- The Washington Times - Monday, April 20, 2015

When FBI director James Comey said last week the Holocaust “the most significant event in world history” and said he required all of his agents to visit the Holocaust Museum in Washington, he unwittingly offended Poland.

“In their minds, the murderers and accomplices of Germany, and Poland, and Hungary, and so many, many other places didn’t do something evil,” Mr. Comey said in a speech last week, of which some excerpts were published in the Washington Post. “They convinced themselves it was the right thing to do, the thing they had to do. That’s what people do. And that should truly frighten us.”

The comment stung Warsaw – so much so on Sunday it summoned its U.S. Ambassador Stephen Mull to its foreign ministry in Poland to respond to Mr. Comey’s comments.

America’s top diplomat in Warsaw made clear to officials when he met them, that Mr. Comey did not speak for the United States, NPR reported.

After his meeting at Poland’s foreign ministry, Mr. Mull said suggesting any country other than Nazi Germany was responsible for the Holocaust “is harmful and offensive,” NPR reported.

“Director Comey certainly did not mean to suggest that Poland was in any way responsible for those crimes,” Mr. Mull said.

This is not the first time Poland has been offended at remarks made by U.S. officials regarding the period of World War II. President Obama made remarks in 2012 where he referred to a “Polish death camp.” The administration later said it was a “misstatement.”

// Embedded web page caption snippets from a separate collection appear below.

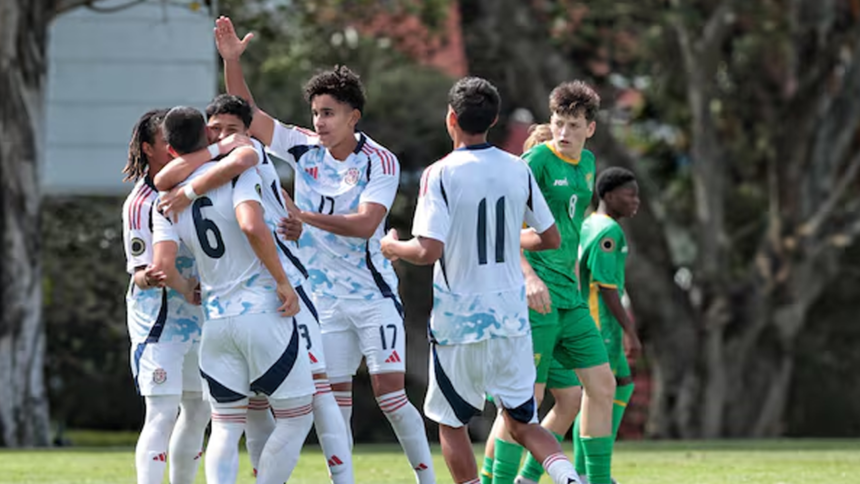 Costa Rica U17 golea 26-0 en Premundial CONCACAF abre debate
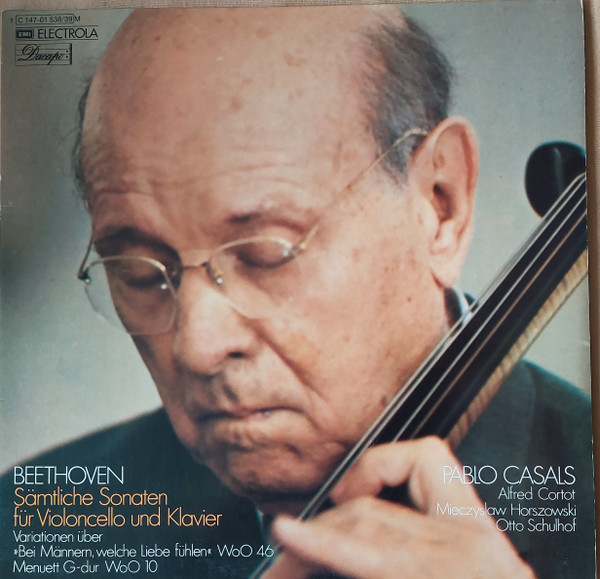 S&auml;mtliche Sonaten F&uuml;r Violoncello Und Klavier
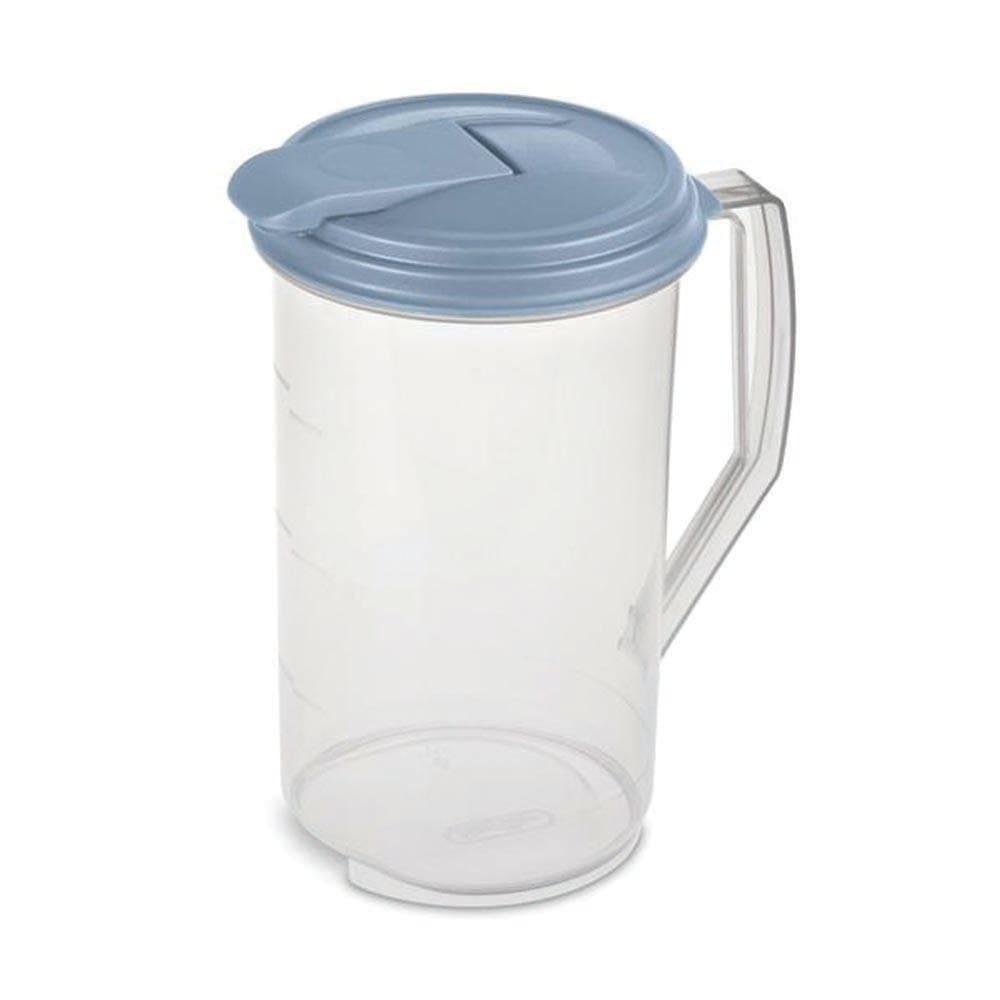 Sterilite 2 Qt Round Pitcher Case Of 6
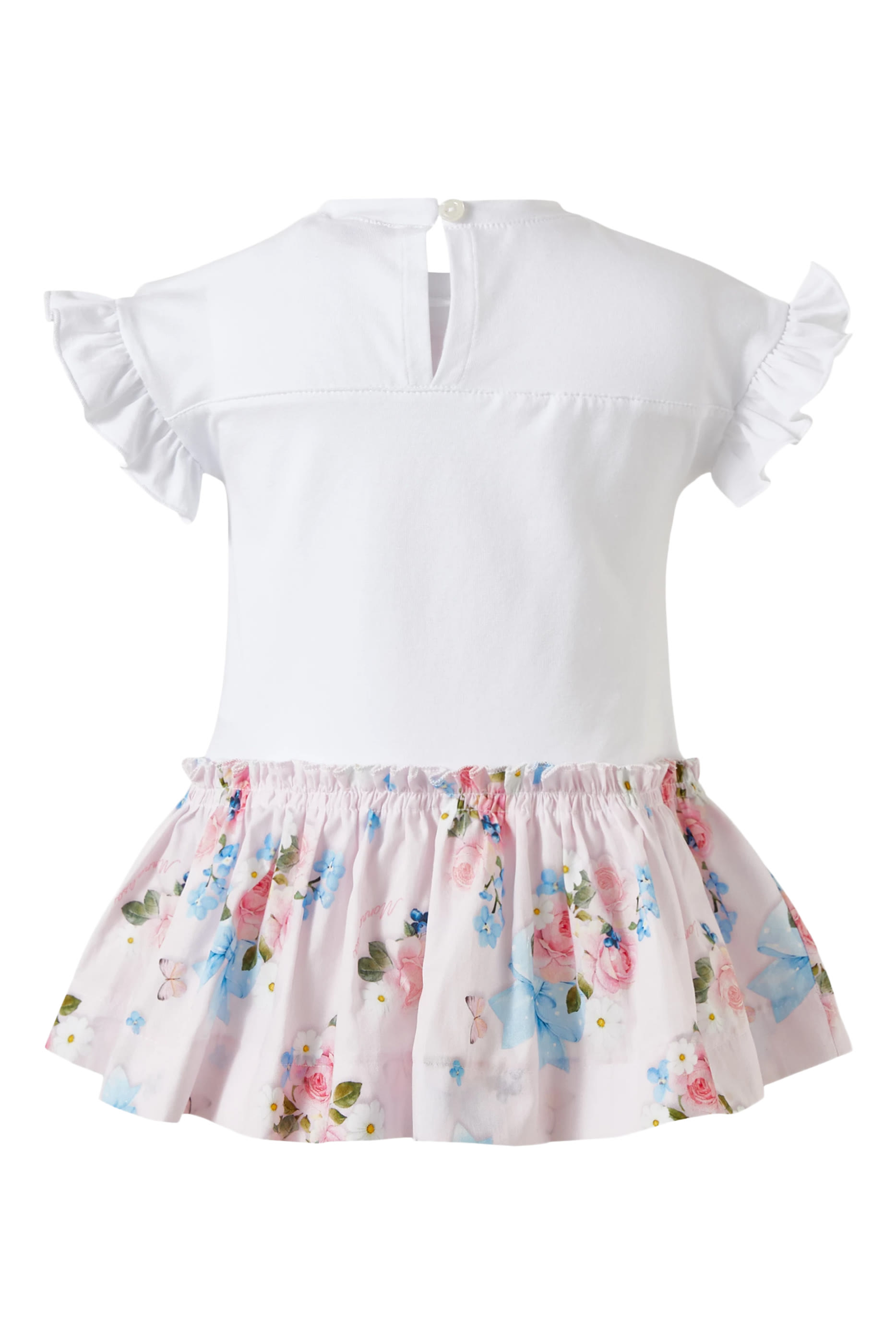 Kids  Floral Print Dress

“To those who don’t know the historical truth, I would like to say today: Poland was not an aggressor but a victim during the Second World War,” Prime Minister Ewa Kopacz said in a press conference Monday. “We would expect officials discussing these matters to know this.”

Referring to Mr. Comey, Wladyslaw Bartoszewski, a foreign policy adviser to the government and a survivor of the Auschwitz camp, told the New York Times: “This man probably has as much to do with Jewish matters in Eastern Europe as I do with Colombia — except that I don’t discuss Colombian issues in public.”